Dana Vollmer / NPR Illinois
U.S. Rep. Rodney Davis (left) with Lincoln Home National Historic Site Superintendent Tim Good on Feb. 1.

Employees at the Lincoln Home National Historic Site are still anxious, despite being back at work for a week after the shutdown ended.

On Friday, the federal workers told Illinois Congressman Rodney Davis they are on unsteady footing with another shutdown possible later this month.

Vanessa Torres, the site’s deputy chief of interpretation, was one of four employees required to work without pay during the 35-day shutdown.

“The reality struck on Tuesday, when we were supposed to receive pay and you get a zero-dollar pay stub,” Torres said. “We do this work because we love it — we’re passionate about it. We don’t become civil servants for the money.”

Torres, who joined the Lincoln Home staff last October, has worked for the National Park Service for more than 11 years.

While the most recent shutdown was not Torres’ first, she said it was the hardest.

“In past shutdowns, you had this feeling of when it was going to end,” Torres said. “This one was different. You didn’t know what to expect.”

Torres and her husband closed on a house the day before the shutdown started. She said they were fortunate to have a second household income, but not everyone on her staff was as lucky.

“A lot of them are students. They’re already eating top ramen,” Torres said. “What else is left to eat when you get that check cut out?”

Torres said the next 15 days are just as uncertain.

Back pay for the site’s furloughed workers should be caught up in about two weeks, Torres said, but she likely won’t spend that money until budget negotiations are settled.

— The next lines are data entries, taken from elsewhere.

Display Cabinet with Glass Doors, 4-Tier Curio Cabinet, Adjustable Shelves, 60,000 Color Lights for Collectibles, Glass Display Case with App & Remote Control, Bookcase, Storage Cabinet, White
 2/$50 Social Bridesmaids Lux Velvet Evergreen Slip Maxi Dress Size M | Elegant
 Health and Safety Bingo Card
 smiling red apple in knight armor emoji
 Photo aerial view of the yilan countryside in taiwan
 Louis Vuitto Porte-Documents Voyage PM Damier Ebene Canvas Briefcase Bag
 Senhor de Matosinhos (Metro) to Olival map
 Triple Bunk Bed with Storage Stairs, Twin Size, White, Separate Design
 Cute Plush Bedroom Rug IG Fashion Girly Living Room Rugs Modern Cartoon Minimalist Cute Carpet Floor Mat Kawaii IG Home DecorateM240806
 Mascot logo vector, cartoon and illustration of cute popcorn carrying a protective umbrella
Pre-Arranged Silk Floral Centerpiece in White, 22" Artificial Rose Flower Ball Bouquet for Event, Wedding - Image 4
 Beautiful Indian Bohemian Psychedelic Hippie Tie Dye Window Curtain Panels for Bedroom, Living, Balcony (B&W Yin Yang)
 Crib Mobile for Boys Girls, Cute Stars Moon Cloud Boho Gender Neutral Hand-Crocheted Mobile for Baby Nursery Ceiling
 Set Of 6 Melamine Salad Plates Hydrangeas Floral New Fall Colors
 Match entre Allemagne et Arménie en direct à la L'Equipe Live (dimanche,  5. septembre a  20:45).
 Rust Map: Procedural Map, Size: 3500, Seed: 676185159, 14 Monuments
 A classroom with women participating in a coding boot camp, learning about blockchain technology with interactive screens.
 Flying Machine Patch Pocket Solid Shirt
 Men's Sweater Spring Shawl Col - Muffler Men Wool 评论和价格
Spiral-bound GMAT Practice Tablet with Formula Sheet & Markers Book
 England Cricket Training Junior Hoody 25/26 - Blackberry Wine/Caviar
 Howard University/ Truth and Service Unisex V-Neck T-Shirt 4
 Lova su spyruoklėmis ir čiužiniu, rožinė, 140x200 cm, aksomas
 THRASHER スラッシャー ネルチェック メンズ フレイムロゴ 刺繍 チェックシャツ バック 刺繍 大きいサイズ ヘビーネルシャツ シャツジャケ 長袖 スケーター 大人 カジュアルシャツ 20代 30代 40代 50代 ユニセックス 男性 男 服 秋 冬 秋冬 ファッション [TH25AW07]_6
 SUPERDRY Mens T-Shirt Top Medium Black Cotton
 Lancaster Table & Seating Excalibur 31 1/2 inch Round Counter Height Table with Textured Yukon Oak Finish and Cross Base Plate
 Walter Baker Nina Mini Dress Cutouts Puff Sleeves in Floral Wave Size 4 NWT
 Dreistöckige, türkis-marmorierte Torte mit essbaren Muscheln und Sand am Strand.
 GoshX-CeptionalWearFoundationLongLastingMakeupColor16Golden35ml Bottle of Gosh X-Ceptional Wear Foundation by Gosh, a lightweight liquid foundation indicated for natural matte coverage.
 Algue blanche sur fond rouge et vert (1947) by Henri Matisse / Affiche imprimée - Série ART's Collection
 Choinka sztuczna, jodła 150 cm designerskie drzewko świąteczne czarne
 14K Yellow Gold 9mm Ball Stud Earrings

She said other federal employees will have to use that money to pay back unemployment benefits.

Congressman Davis, a Republican from Taylorville, told the Lincoln Home workers he understood their anxiety — and shares their pessimism about avoiding another shutdown.

He repeatedly said Democrats need to negotiate with the president, but when pressed by reporters, he did eventually concede Trump made one mistake.

“I think the president was wrong to say that he’ll own this shutdown,” Davis sad. “I think the president boxed himself into a corner to where many in the American public believe it was a shutdown that was caused by the Trump administration, and the Trump administration only.”

Davis said he believes the president realized his error and is offering solutions. He said Democratic leaders have yet to do the same.

Regardless of future federal action, December’s shutdown will have lasting effects on the Lincoln Home site.

Superintendent Tim Good said it interfered with hiring seasonal tour and maintenance staff as the site’s busiest time of year approaches. He said about 250,000 people visit the Lincoln Home each year.

“I can’t guarantee what we’re going to be able to accomplish if we can’t get that seasonal workforce in place in time,” Good said. “Lincoln Home’s not unique this way. This impacts national parks throughout the country.”